И еще думаю я, что абсолютной правды на земле нет, и потому важно не то, о чем пишет писатель, не те истины, которые он якобы открывает, а его Собственная личность, поскольку она велика и своеобразна.
И исходя из этих двух положений, я думаю, что Чехов умер вовремя и должен был умереть.
Однажды, осенней слякотью, проходя по Петербургской стороне, я поднял с панели бумажку, на которой малограмотный человек записал себе те книги, которые хотел взять из библиотеки. Так и было записано: взять то-то и «третий том Чехова-милого человека»!
В то время много говорили о том, что человек звучит очень гордо, и из миллионов хулиганов, добродетельных мещан, солдат, мужиков, купцов, чиновников, попов и царей стремились вылепить величественный образ человека.

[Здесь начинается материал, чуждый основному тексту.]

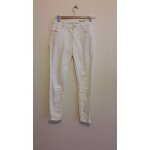 Un jeans slim blanc pour femme taille s, de la marque zara Un jeans slim blanc pour femme taille s, de la marque zara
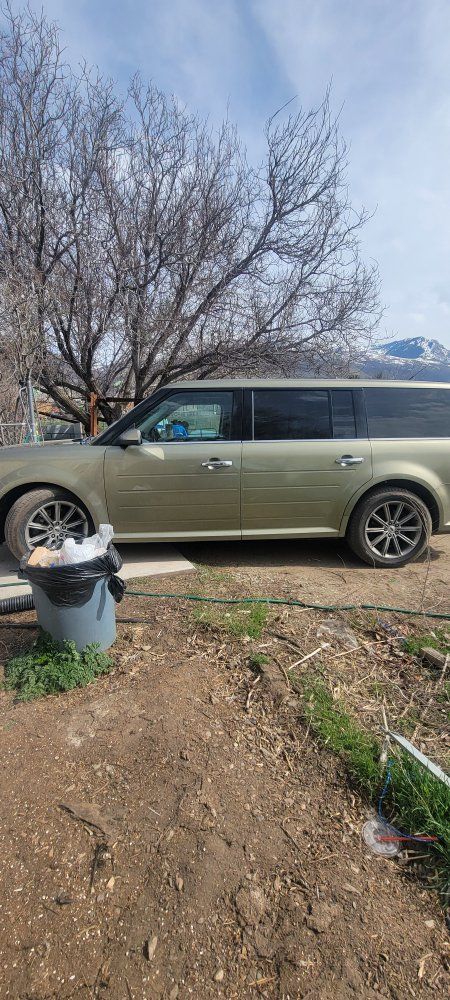 0 Ford Flex 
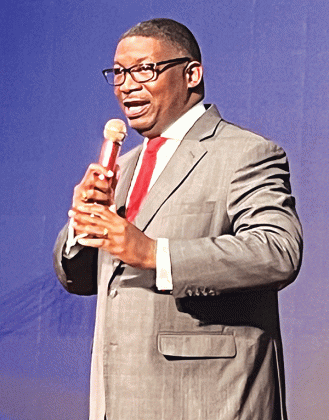 Gubernatorial candidate Democrat Shawn Wilson addresses churchgoers at United Christian Faith Center in Baton Rouge about his candidacy and the importance of voting. (Photo by Molly Ryan, WRKF/WWNO)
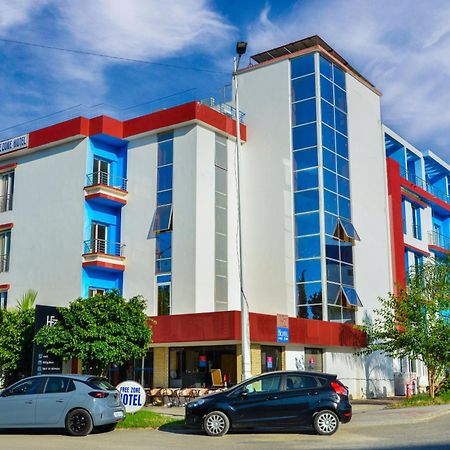 Free Zone Hotel Gzennaia Luaran gambar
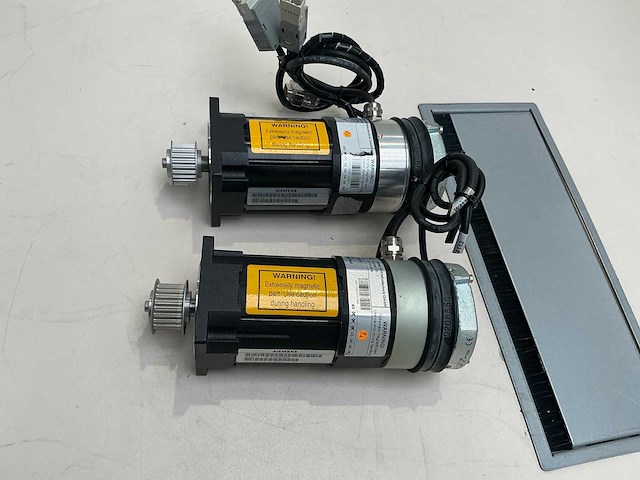 Siemens 1p8112430ke753 servomotor met rem (2x) - afbeelding 3 van  9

Было потрачено много стараний и много шума, но величественный образ не вытанцовывался и роковым образом, через силу, гордость, своеволие и сверх переживания, впадал в величественную пошлость, желавшую плевать на весь свет и плюющую на собственное самодовольное чрево.
Человека обряжали в плащ индивидуализма, надевали хитон христианина, совали ему в руку красный флаг товарища, пускали голяком анархистом на оголенной земле, а он; одетый и голый, равно упорно оказывался если не зверь зверем, то свинья свиньей.
По-прежнему, рождаясь, человек становился в тягость себе и другим и аккуратно увеличивал собою ряды или плохих людей, от которых жить скверно, или очень хороших, принципиальных, с которыми жить трудновато.
Долго я думал над тем, каким должен быть, наконец, человек, чтобы от его личности не торчали во все стороны острые углы прямо в ребра его ближним. И только найдя эту бумажку, в которой какой-то наивный брат мой от всего немудрого сердца воскликнул по адресу Чехова «милый»! — я кое-что уразумел и нарисовал наконец себе настоящего человека.
Это не величественный образ — и это слава Богу — ибо от величий всех сортов на свет смотреть стало тошно.
Но это Человек, при жизни которого у всех возбуждается желание войти с ним в общение, а после смерти является потребность тихо и вдумчиво говорить о нем, неуловимыми сближениями перенося из его личности в свою нечто драгоценное.
Таким человеком был Чехов.
Я не успел узнать его лично, выйдя на литературную дорогу чуть ли не в год его смерти, но я знаю его лучше многих из тех, что намозолили мне глаза и душу.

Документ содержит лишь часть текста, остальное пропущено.